I will be wearing face paint with a face mask over it. This is to prevent the video cameras from making a positive ID when I make a huge withdrawal from the bank in order to cover the costs of duck hunting nowdays.
R


----------



## Crow (Sep 15, 2007)

Make and use a gear checklist on all your hunts. It helps so you don't forget anything. Had a guy forget his shotgun one time. 

My blind bag contains:
Small first aid kit.
Rolaids
Asprin
Hunting regs
Gloves waterproof and cotton
Facemask
Choke tool
Shells
Calls
Leatherman tool
Small radio (if football game is on and I'm hunting alone)
Cell phone
Snacks
Camera


----------



## Westernhunter (Sep 16, 2007)

Always put your shotgun in the same case. 12ga. 20ga. 10ga. Etc. ask me why.


----------



## outdoorser (Jan 14, 2013)

Why


----------



## Fowlmouth (Oct 4, 2008)

Westernhunter said:


> Always put your shotgun in the same case. 12ga. 20ga. 10ga. Etc. ask me why.
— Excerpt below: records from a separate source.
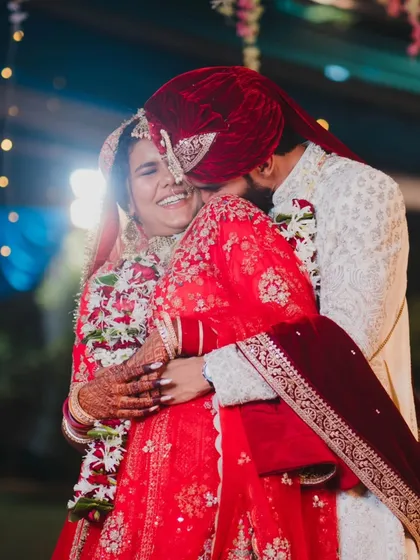 A moment of pure, unscripted joy. We live for these candid whispers and radiant smiles that truly define the connection between two people. This is the essence of our photojournalistic approach to wedding photography.
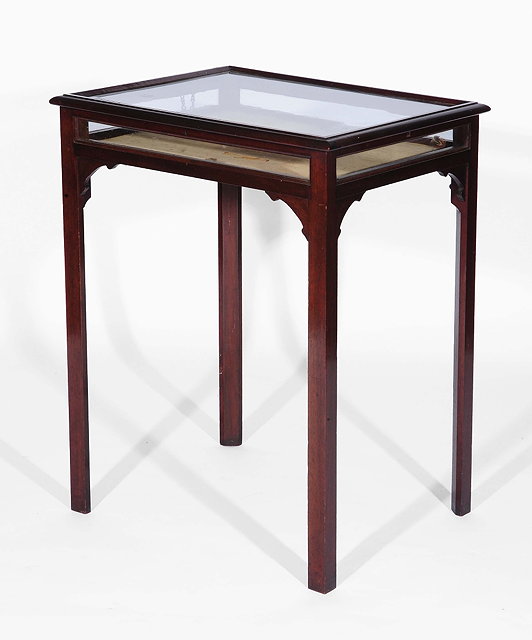 Appraisal: A mahogany bijouterie tablewith glass top and sides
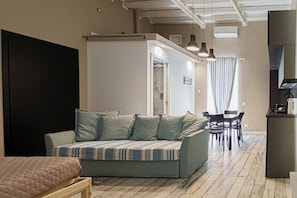 A room with a sofa, a bed, a dining table with chairs, and a kitchenette area. - Cocciu D Amuri Loft by Wonderful Italy (Cefalù)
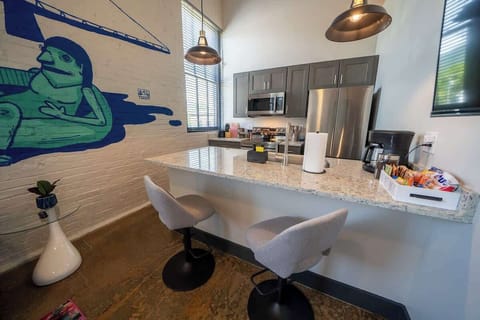 A space designed for enjoying meals, featuring a table and seating for comfortable dining and socializing.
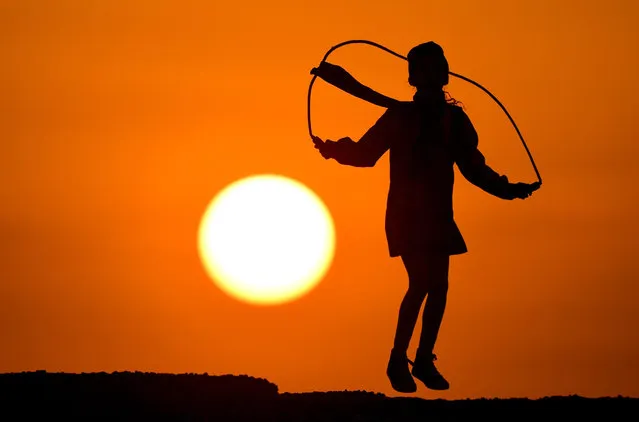 A child skips on a jumping rope during sunrise in Kuwait City, Kuwait, 14 November 2016. (Photo by Raed Qutena/EPA)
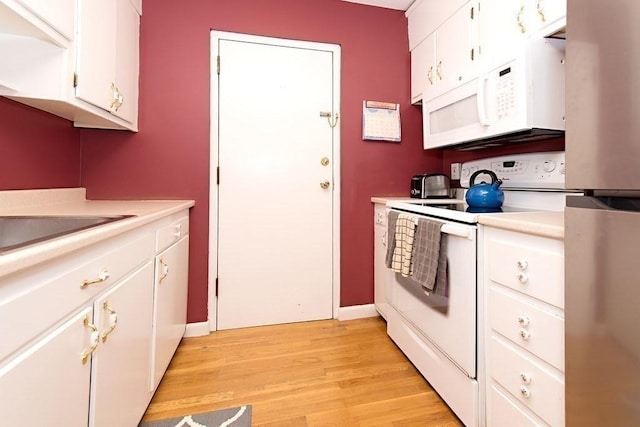 238 Rock St Unit C8, Norwood, MA 02062 - kitchen featuring white appliances, light countertops, light wood-style flooring, and white cabinetry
Been there, done that.:shock: I know why.


----------



## Westernhunter (Sep 16, 2007)

outdoorser said:


> Why


I had this nice camo case that I liked to use and I got to the marsh and put on the waders loaded up the dekes and grabbed the gun case. Unzipped it and..... 10ga. Shotgun! I had no 10ga. Shells. All 12ga. Now I never put a different gun in a case. Each gun has its own.


----------